-- GIVEN DATA follows --

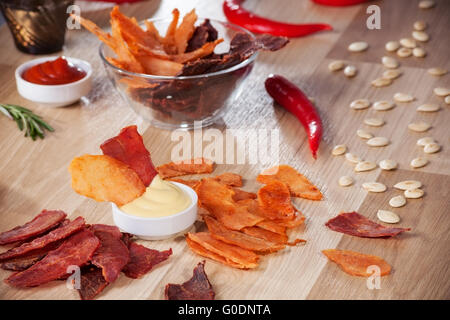 Fleischchips auf einem Teller mit Paprika Kürbis Samen und Pfeffer Stockfoto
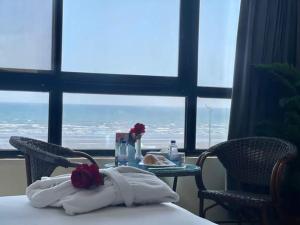 a table in a room with a view of the ocean at فندق ماريوت عدن السياحي Marriott Aden Hotel in Khawr Maksar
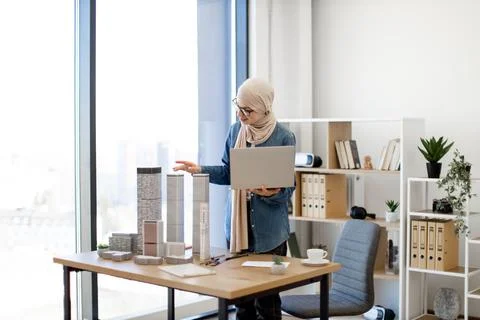 Woman using ruler while checking data on laptop at work Stock Photos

-- GIVEN DATA concluded --

PROBLEM STATEMENT:
The output should be the lines from the one with "a table in a" through the end of the material above, both ends included, printed exactly and nothing else. Drop the pictures.

FINISHED EXERCISE:
 a table in a room with a view of the ocean at فندق ماريوت عدن السياحي Marriott Aden Hotel in Khawr Maksar
 Woman using ruler while checking data on laptop at work Stock Photos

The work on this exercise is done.